Sua sorella Roxanne rise piano.
— Finalmente questa famiglia avrà un vero erede. Marcus merita una donna giovane, non una moglie stanca con due bambini.
Mi sfilai le chiavi dal portachiavi e le lasciai sul tavolo.
— Ciò che non è mai stato tuo torna sempre al suo vero proprietario.
Risero tutti. Ma smisero quando, fuori dall’edificio, un Mercedes nero mi aspettava davanti all’ingresso. L’autista aprì la portiera e chinò leggermente il capo.
— Signorina Julianne, l’aereo è pronto.
Il volto di Marcus cambiò colore. Non aveva mai conosciuto davvero la mia storia. Dopo la morte di mio padre, avevo preso il cognome di mia madre per proteggere il patrimonio di famiglia. L’appartamento, l’auto e perfino parte dei conti che Marcus considerava suoi erano legati al mio trust. Io gli avevo semplicemente permesso di sentirsi potente.
Pochi minuti dopo ero su un aereo con i miei figli, diretta verso una casa dove nessuno avrebbe più alzato la voce contro di noi.
Nel frattempo, Marcus entrò nella sala dell’ecografia come un re. Sua madre teneva una copertina azzurra. Roxanne filmava tutto con il telefono. Penelope sorrideva, ma il suo sorriso era troppo rigido.
— Allora, dottore? — chiese Marcus. — Mio figlio sta bene?
Il dottor Vance osservò a lungo il monitor, poi controllò la cartella. La sua espressione cambiò.

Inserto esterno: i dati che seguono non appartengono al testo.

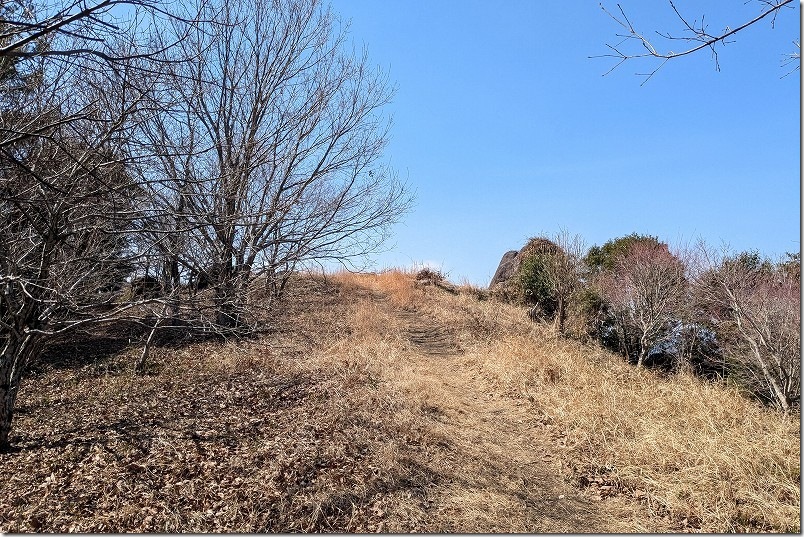 八面山 地球が丸く見える丘への散策路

— Signor Henderson, le settimane di gravidanza non corrispondono a ciò che la signorina Penelope ha dichiarato.
Il silenzio cadde nella stanza.
— Che significa? — chiese Marcus.
Penelope diventò pallida.
In quel momento la porta si aprì. Entrò un uomo elegante, il socio in affari di Marcus, quello che lui aveva sempre chiamato “fratello”.
— Mi dispiace, Marcus, — disse con calma. — Il bambino è mio.
Roxanne lasciò cadere il telefono. La madre di Marcus si sedette, sconvolta. Marcus non riusciva nemmeno a parlare.
Un’ora dopo, ricevette una chiamata dall’avvocato: l’appartamento, l’auto e i conti erano stati bloccati. Tutto apparteneva legalmente al mio trust.
Quella sera Marcus perse l’amante, il presunto erede, il denaro e la famiglia che aveva buttato via.
Io, invece, dormii per la prima volta in pace, con i miei figli accanto e una nuova vita davanti.